Debe ser muy difícil suicidarse. Sin embargo, hacerlo no es un acto de valentía.
El suicidio no soluciona problemas, ni para el que lo comete, ni para sus familiares, ni, en general, para la sociedad que solo puede compadecer al suicida. No es tampoco ejemplo a imitar, ya que supone el abandono de las obligaciones que, como toda persona, tiene para sí mismo y con los demás.
¿Por qué, entonces, algunas personas toman esta determinación Los motivos pueden ser muy diversos: trastornos mentales graves, dolores físicos o morales, falta de medios económicos, fracasos, exagerada sensibilidad… A todo esto se une la falta de creencias religiosas o que éstas sean muy endebles y minimizen la capacidad de resistencia ante las dificultades.
Impresiona la cifra de los suicidios en España que se daba recientemente en un medio de comunicación: superaban los cuatro mil anuales.
Desde un punto de vista ético la causa suele ser la desesperación, que lleva a olvidar el natural instinto de conservación de la vida. Romper con la vida no corresponde al hombre porque no es dueño de ella, la ha recibido de Dios.
En una sociedad materialista donde apenas cuentan los valores del espíritu y se ensalza como bien supremo el placer de los sentidos y el terror al dolor, predispone a la desesperación, al comprobar que la felicidad es limitada y relativa. Por ello, urge descubrir la virtud de la esperanza que neutraliza la desesperación, y nos ayuda a confiar en Dios que es el remedio de los posibles males.

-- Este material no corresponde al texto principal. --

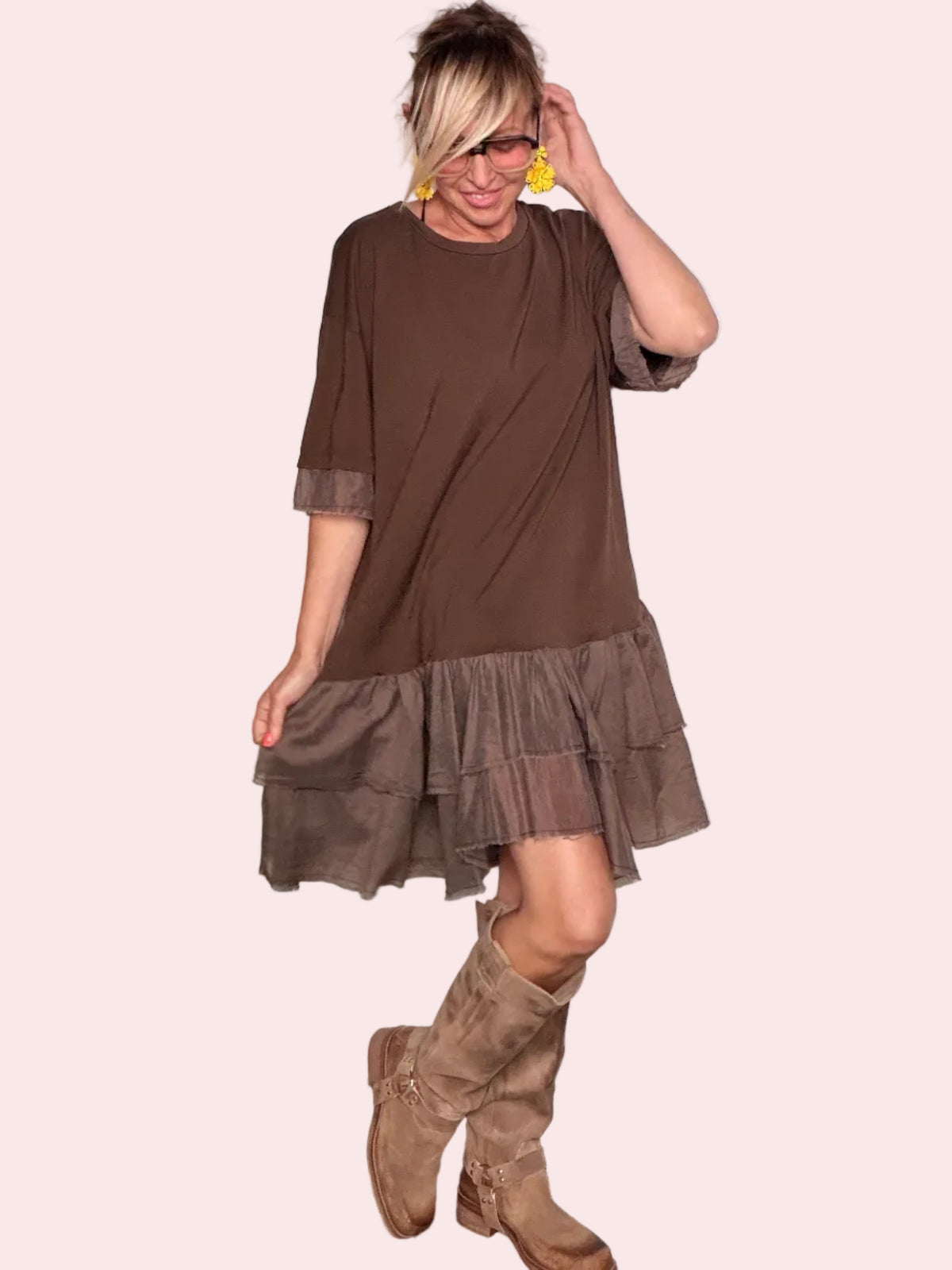 Abito T-Shirt con Balze in Mussola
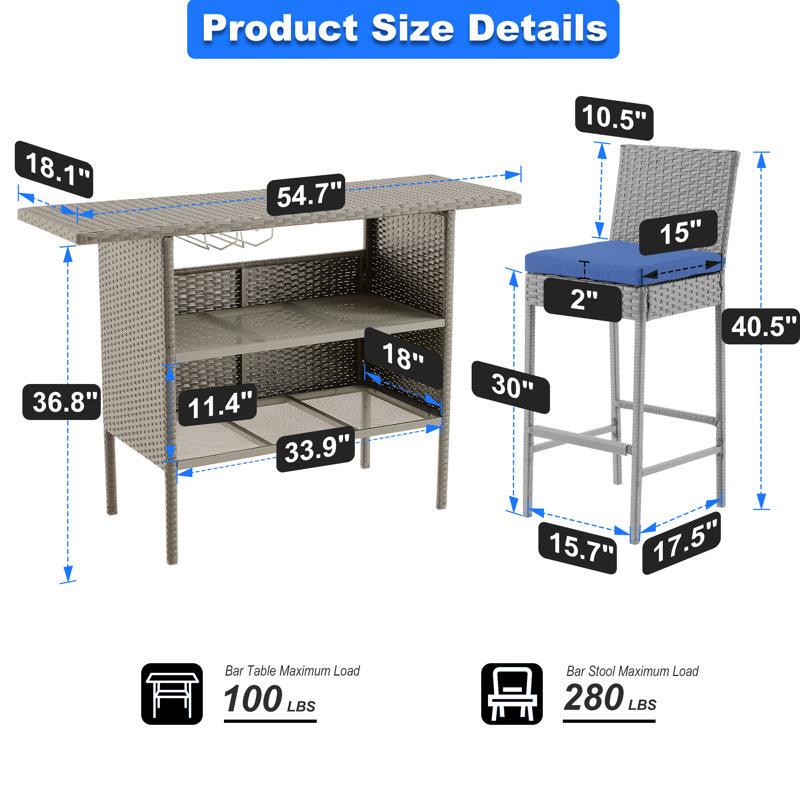 Wayfair Wicker Bar Set With 4 Stools & Outdoor Bar Table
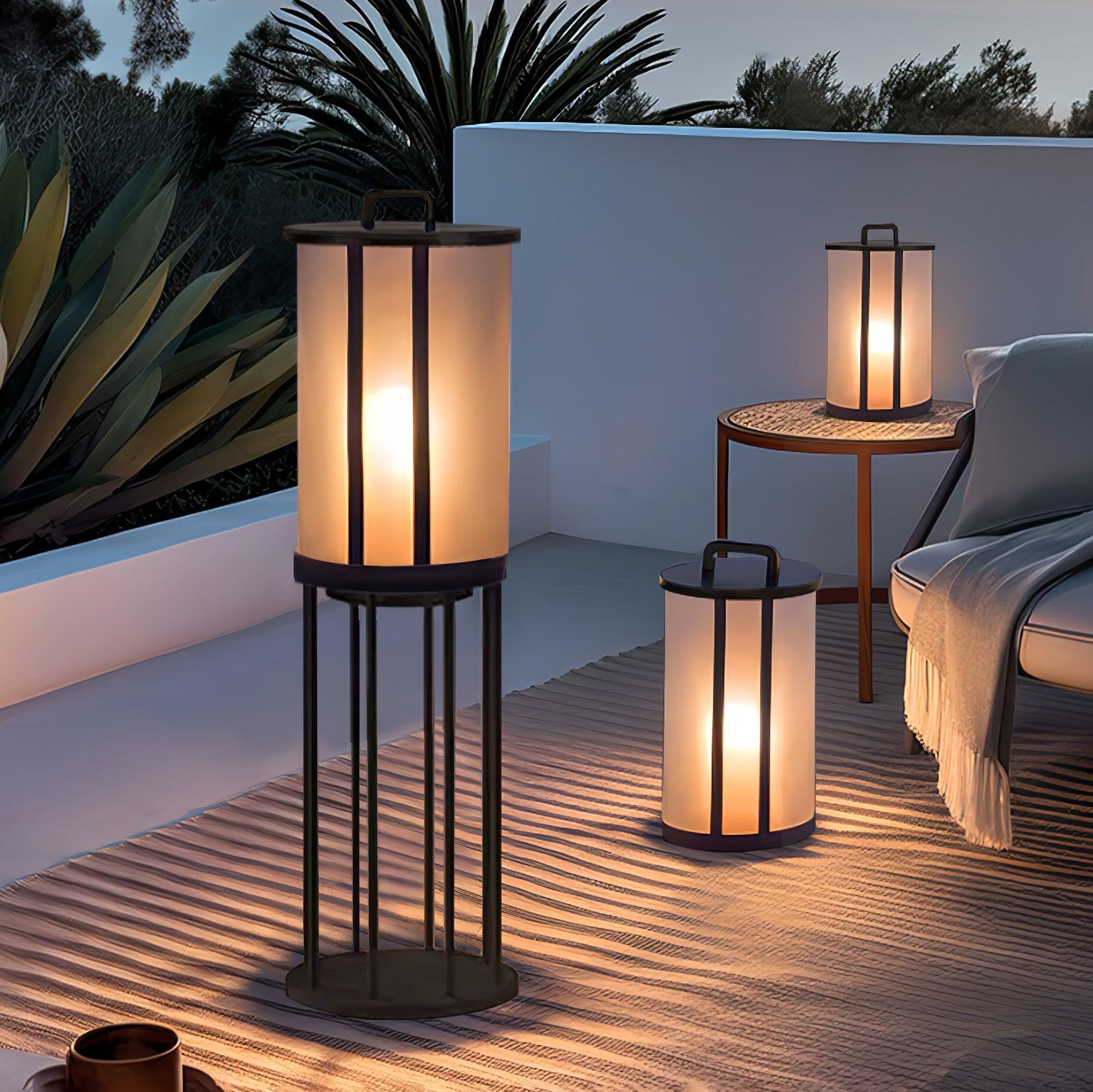 Elrinarae Pagoda Frame Travertine Lantern-Neutral Decor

También una educación social y religiosa conveniente es indispensable para que el hombre, ya desde su infancia, aprenda a aceptar que en la existencia sobre la tierra se mezclan lo dulce y lo amargo, lo agradable y lo desagradable, y que se puede hacer frente a cualquier contradicción que pueda surgir con la vida.
En el Catecismo, la Iglesia Católica, como Madre y Maestra, nos enseña, referente al suicidio, que: "Cada cual es responsable de su vida delante de Dios que se la ha dado. Él sigue siendo su soberano Dueño. Nosotros estamos obligados a recibirla con gratitud y a conservarla para su honor y para la salvación de nuestras almas. Somos administradores y no propietarios de la vida que Dios nos ha confiado. No disponemos de ella". "Trastornos psíquicos graves, la angustia, o el temor grave de la prueba… pueden disminuir la responsabilidad del suicida".
Y como también la Iglesia es "experta en humanidad", añade: "No se debe desesperar de la salvación eterna de aquellas personas que se han dado muerte. Dios puede haberles facilitado por caminos que El solo conoce la ocasión de un arrepentimiento salvador. La Iglesia ora por las personas que han atentado contra su vida."
Resulta reconfortante el hecho de vivir. Es bueno "existir" que no moverse de la "nada"; es mejor reír, llorar, cantar, amar….Y después ¡la vida eterna! Hasta Dios, suma inteligencia, quiere la vida para siempre.